**What is expected**
Would you please print exactly the lines that run from the one with "Two people standing" to the last line of the data, both included, without any pictures?

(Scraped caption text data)

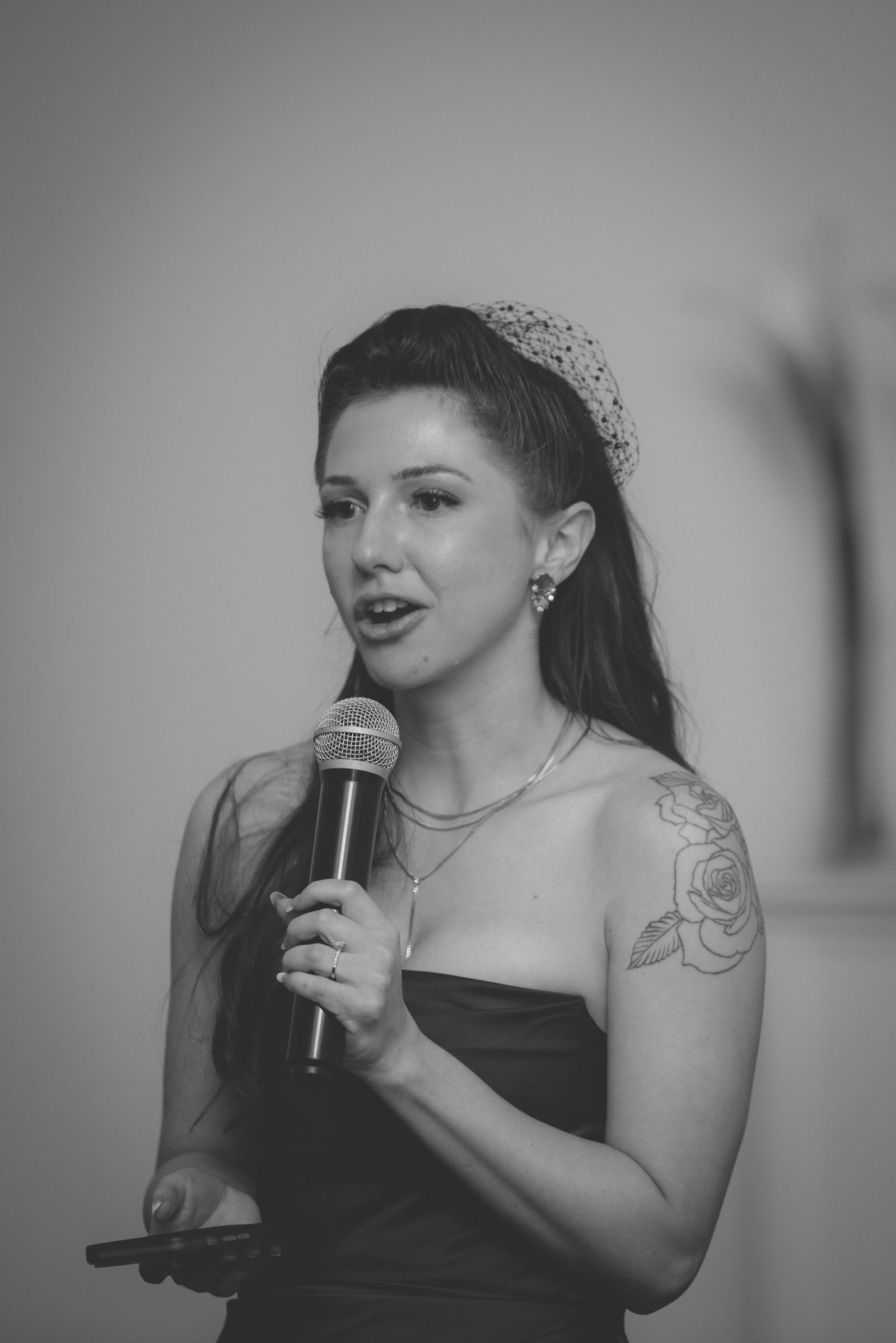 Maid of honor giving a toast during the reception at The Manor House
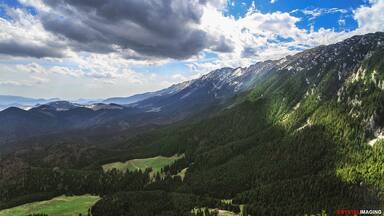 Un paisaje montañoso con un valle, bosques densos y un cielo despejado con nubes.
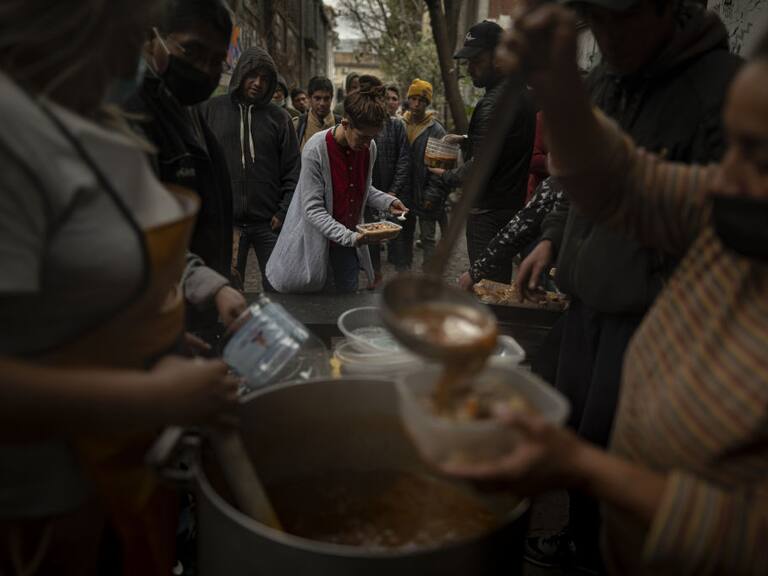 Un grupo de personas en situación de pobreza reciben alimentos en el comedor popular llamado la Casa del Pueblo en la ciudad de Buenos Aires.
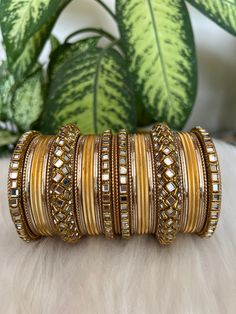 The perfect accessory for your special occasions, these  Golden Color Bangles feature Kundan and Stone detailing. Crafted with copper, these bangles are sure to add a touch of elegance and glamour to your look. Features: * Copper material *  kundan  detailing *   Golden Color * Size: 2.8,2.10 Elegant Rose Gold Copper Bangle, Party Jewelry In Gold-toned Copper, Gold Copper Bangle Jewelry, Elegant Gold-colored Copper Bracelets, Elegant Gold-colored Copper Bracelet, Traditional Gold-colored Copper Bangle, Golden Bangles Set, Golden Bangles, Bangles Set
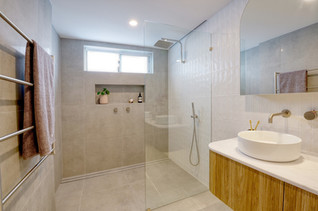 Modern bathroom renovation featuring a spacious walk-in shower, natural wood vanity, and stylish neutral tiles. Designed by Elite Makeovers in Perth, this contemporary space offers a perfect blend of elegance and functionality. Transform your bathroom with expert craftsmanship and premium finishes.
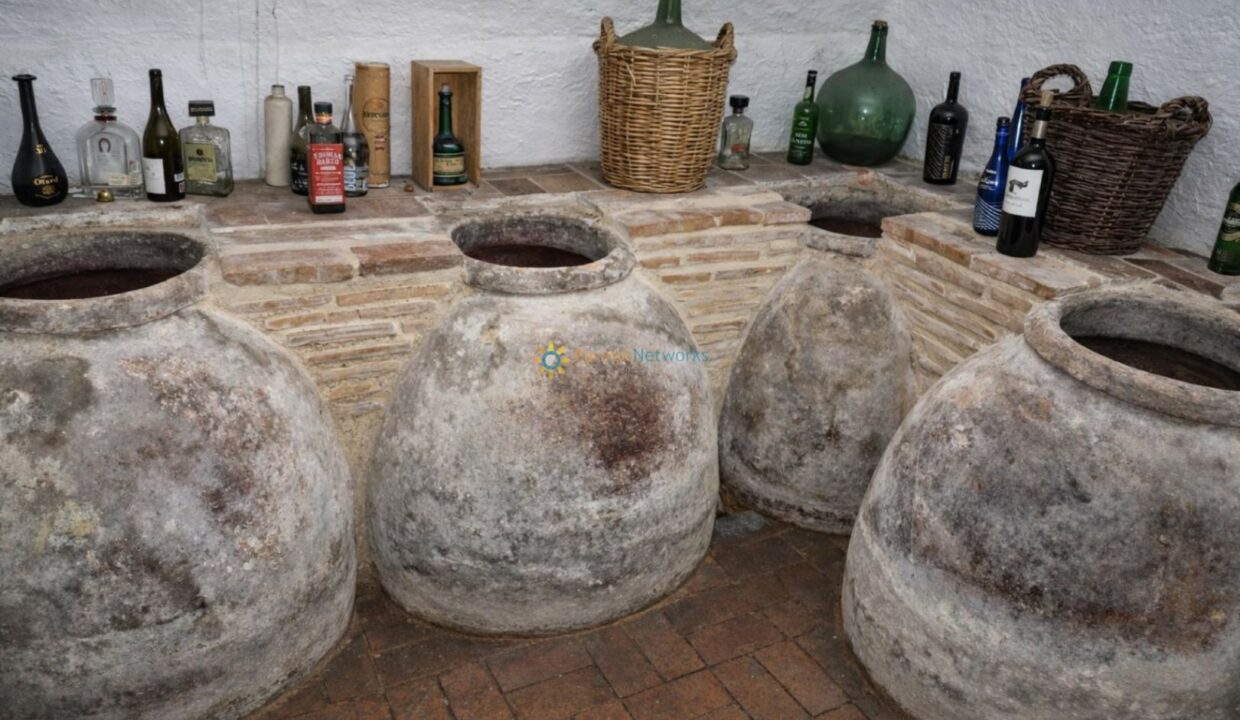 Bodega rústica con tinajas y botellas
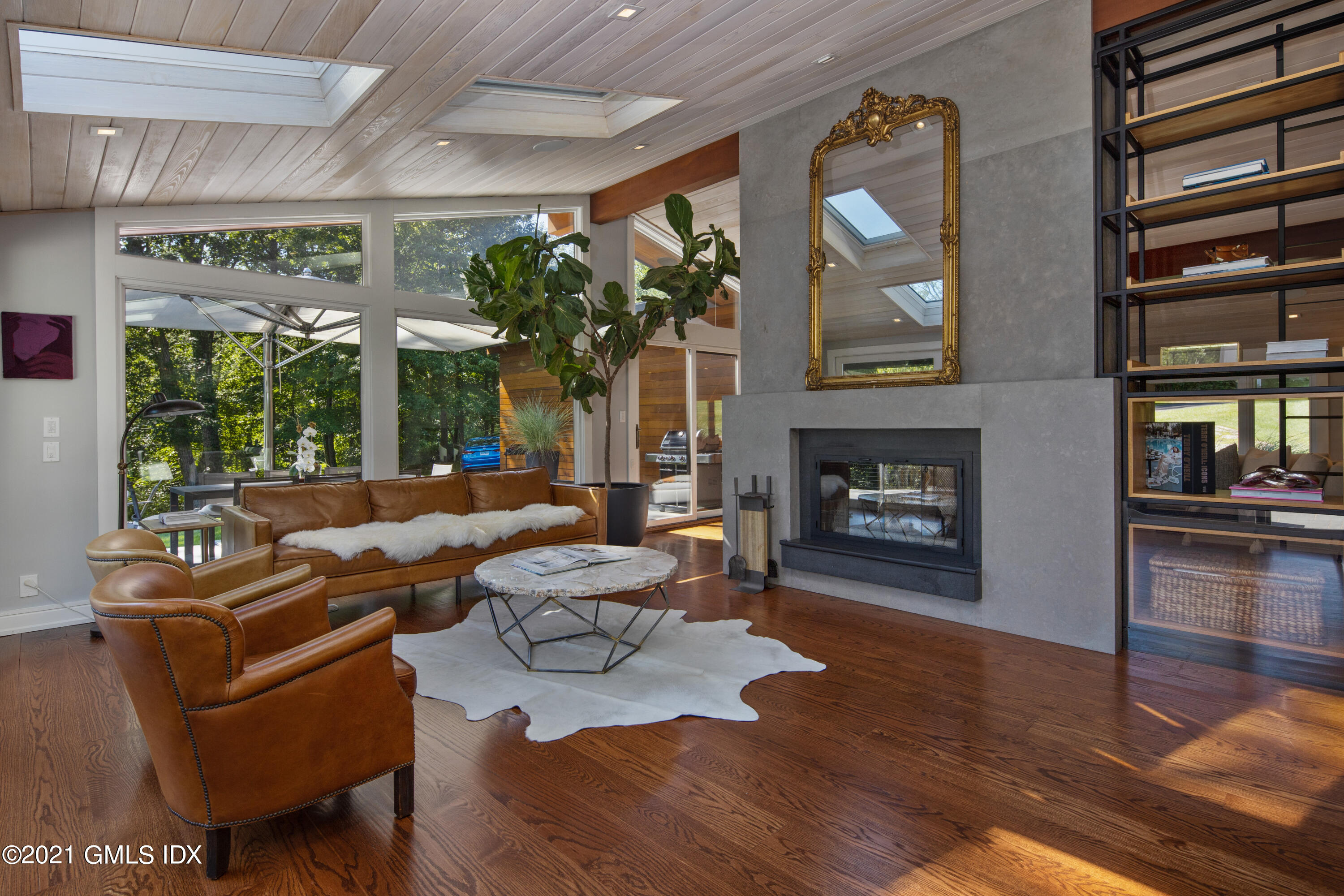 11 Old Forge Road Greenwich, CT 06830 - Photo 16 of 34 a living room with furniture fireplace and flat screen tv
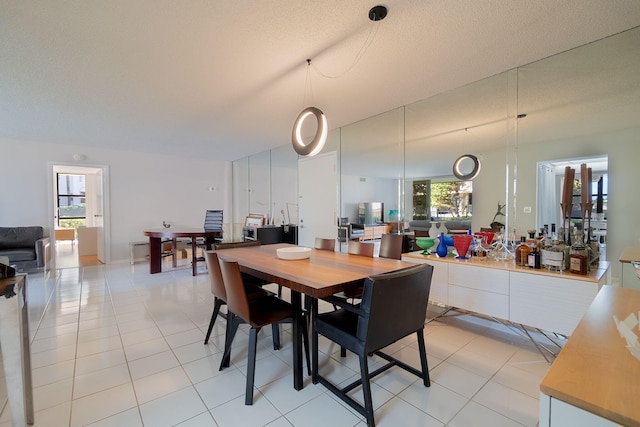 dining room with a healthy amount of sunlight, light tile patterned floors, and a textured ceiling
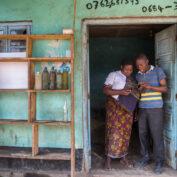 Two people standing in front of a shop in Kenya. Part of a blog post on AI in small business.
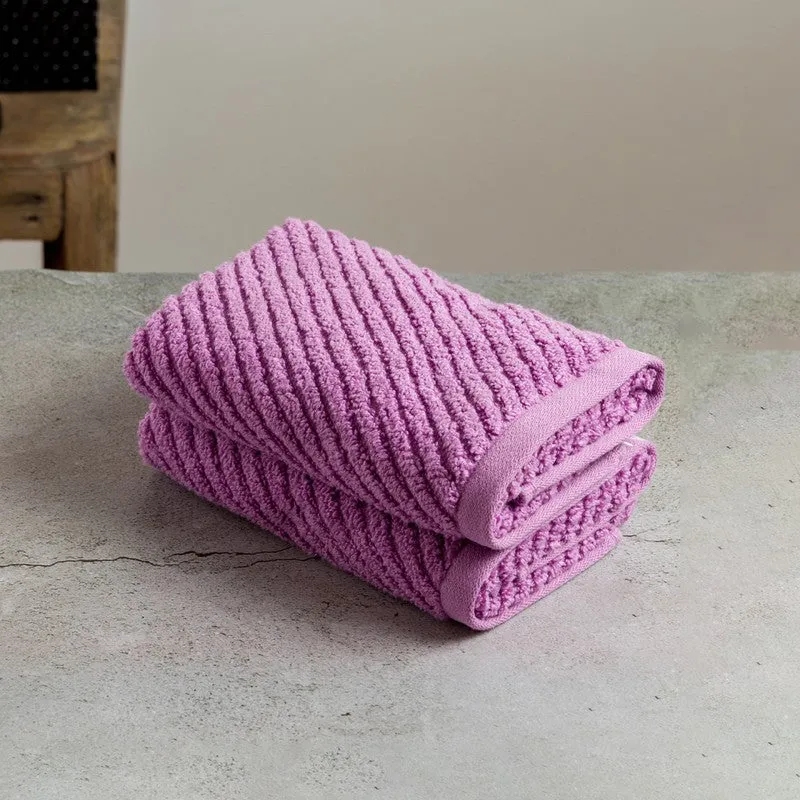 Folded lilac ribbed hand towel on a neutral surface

**Response box**
 Two people standing in front of a shop in Kenya. Part of a blog post on AI in small business.
 Folded lilac ribbed hand towel on a neutral surface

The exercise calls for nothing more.